YOUR INSTRUCTIONS
In the listing below, find the line containing "Tilapia Fish" and the line containing "Kurbanlık piyasası hareketlendi: Fiyatlar". Repeat exactly those two lines and every line between them, nothing more.

SOURCE DATA
---
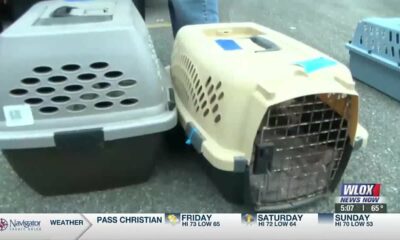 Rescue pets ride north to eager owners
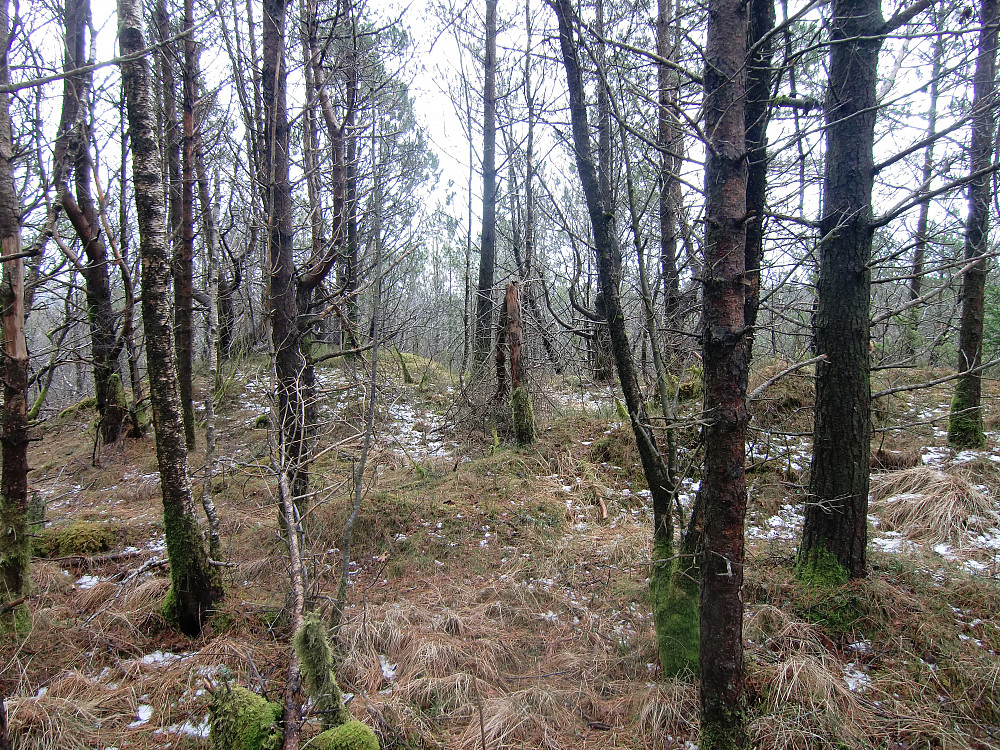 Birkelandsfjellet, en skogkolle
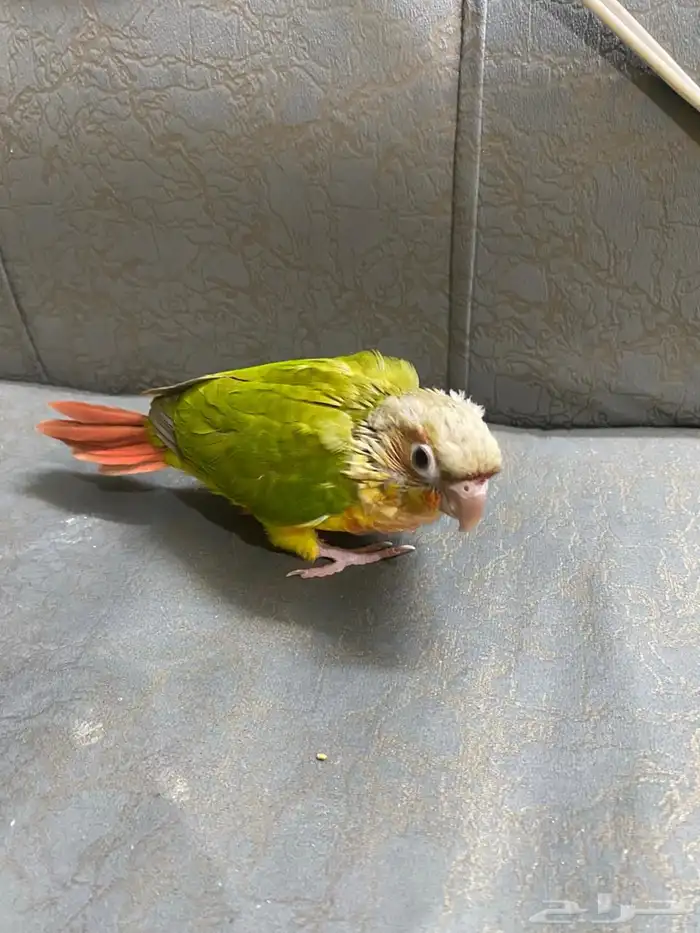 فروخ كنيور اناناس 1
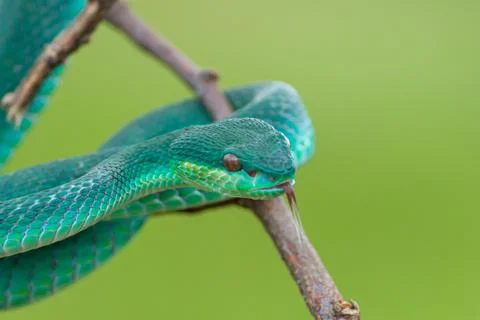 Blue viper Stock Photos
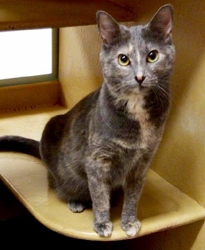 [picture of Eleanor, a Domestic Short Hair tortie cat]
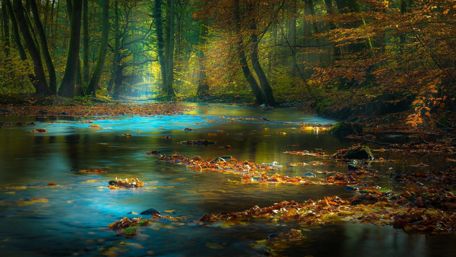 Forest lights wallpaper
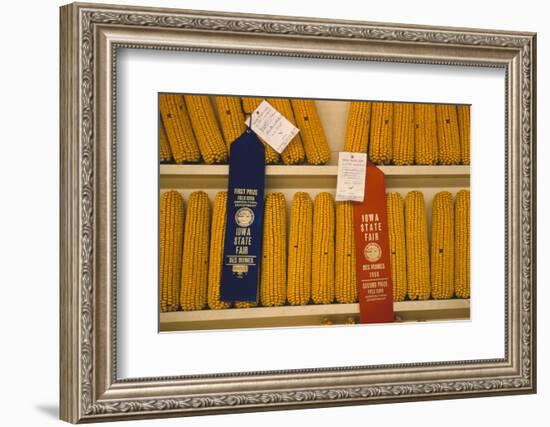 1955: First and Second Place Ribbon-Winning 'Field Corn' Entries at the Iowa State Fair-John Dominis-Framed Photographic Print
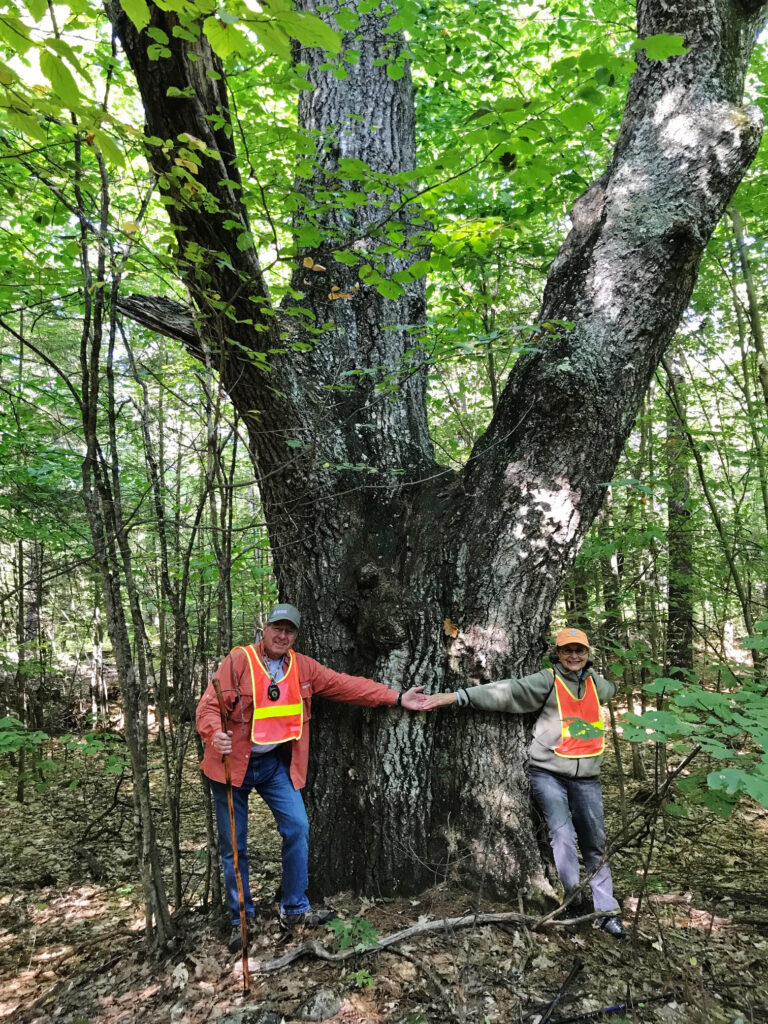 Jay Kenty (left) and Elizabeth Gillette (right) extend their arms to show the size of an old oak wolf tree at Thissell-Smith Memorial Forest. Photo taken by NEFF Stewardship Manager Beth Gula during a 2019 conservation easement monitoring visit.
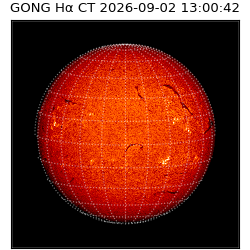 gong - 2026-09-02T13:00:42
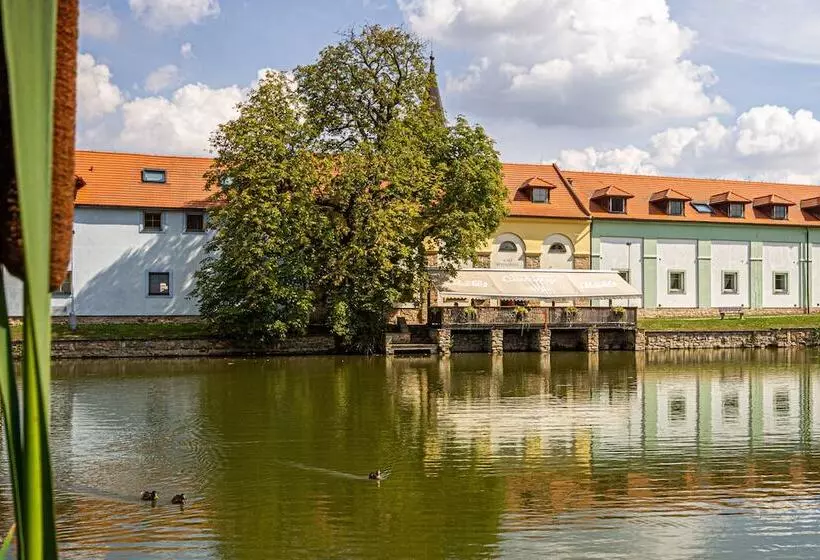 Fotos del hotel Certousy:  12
---
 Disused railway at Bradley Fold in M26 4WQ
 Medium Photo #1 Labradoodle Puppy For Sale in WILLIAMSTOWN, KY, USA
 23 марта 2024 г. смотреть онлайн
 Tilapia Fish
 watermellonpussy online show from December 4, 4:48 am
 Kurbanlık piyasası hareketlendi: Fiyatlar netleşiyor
---
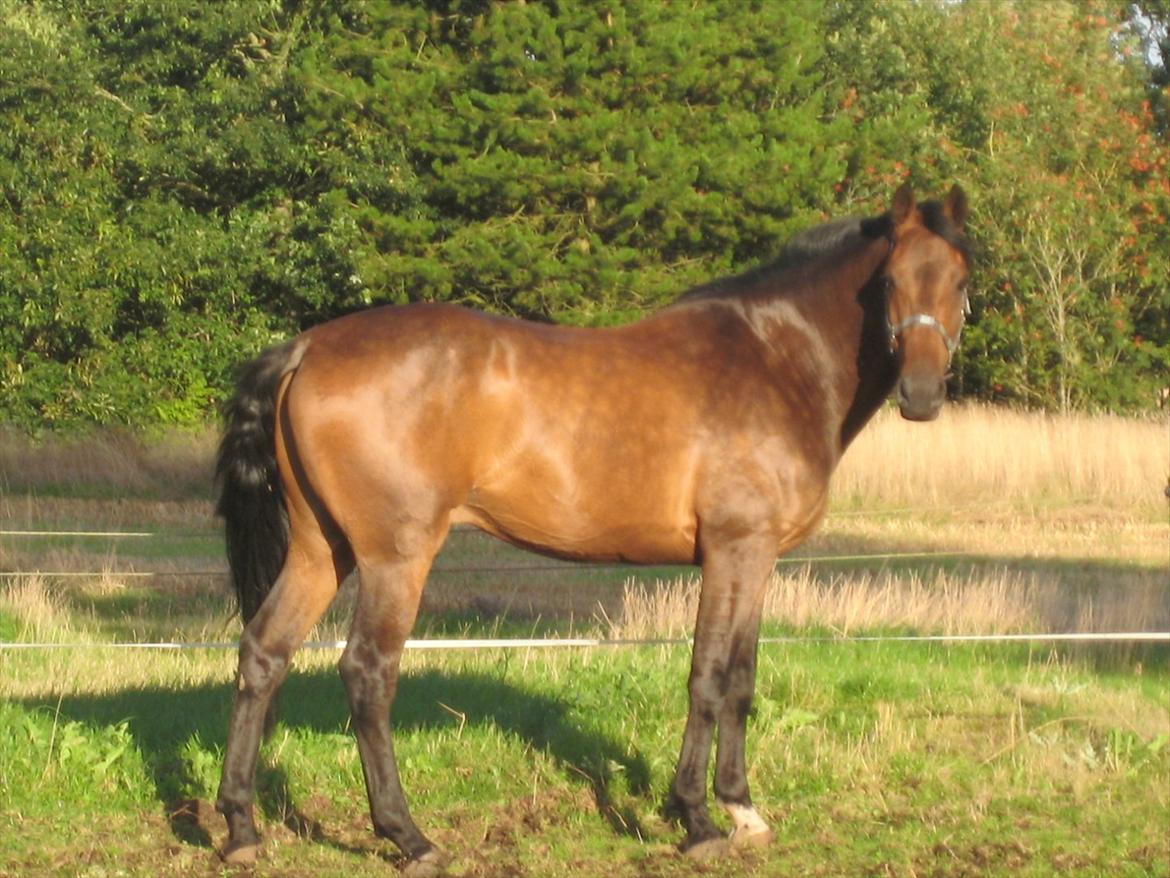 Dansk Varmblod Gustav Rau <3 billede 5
---
TASK OUTPUT
 Tilapia Fish
 watermellonpussy online show from December 4, 4:48 am
 Kurbanlık piyasası hareketlendi: Fiyatlar netleşiyor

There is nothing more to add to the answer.